The road to Rio was everything but smooth for the southern African team. After receiving a bye into the second round, they lost their first match 2-1 in Zambia, but a 1-0 victory at home saw them advance on the away-goal rule. They then failed to travel to Côte d'Ivoire for the first leg in the third round and were thrown out of the competition. An appeal saw them reinstated, but before the matches could be played, Côte d'Ivoire withdrew and Zimbabwe went through to the final round. There they faced formidable opposition in Cameroon. A strong display in Yaounde saw Zimbabwe restrict Cameroon to a 2-1 victory, with Rudo Neshamba grabbing the away goal. In the return leg the striker proved to be the match-winner as she scored the only goal of the game – giving Zimbabwe a place at the Olympics courtesy of a win again on away goals.
Shadreck Mlauzi was thrown into the deep end when he took over the Zimbabwe women's team just a few weeks to go before the Mighty Warriors took on Cameroon in a two-legged tie that was to decide which of the two sides was to go to Rio. He made history by becoming the first coach to take a Zimbabwean team to the Olympics. He started his coaching career with local clubs West Swallows and North Rovers. He has also been involved with a club called Inline Academy, which has produced a number of players that starred for the national side.
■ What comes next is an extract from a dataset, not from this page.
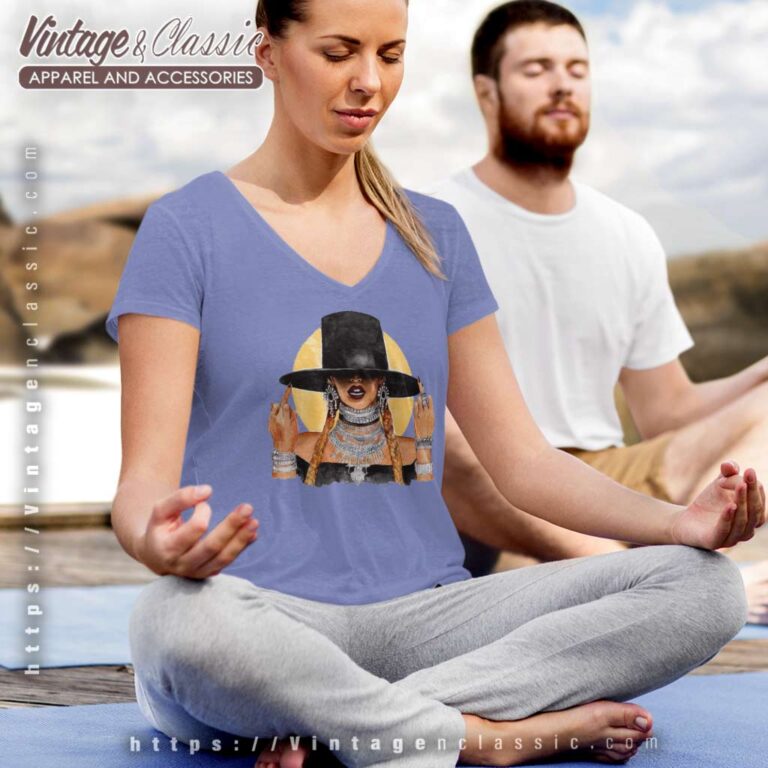 Beyonce Hip Hop Rapshirt Renaissance World Tour V Neck TShirt Beyonce Hip Hop Rapshirt Renaissance World Tour V Neck TShirt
He was given a car as a bonus for taking the team to Rio but had to bring a driver when he picked it up as he does not have a license.
Rudo Neshamba, Felistas Muzongondi, Chidi Dzingirai
2 – The number of games that Zimbabwe won en route to Rio. It is also the number of goals that Zimbabwe conceded and scored in each of the two-legged ties they played. Both times they won on the away-goal rule after both of their home-and-away encounters ended 2-2 on aggregate.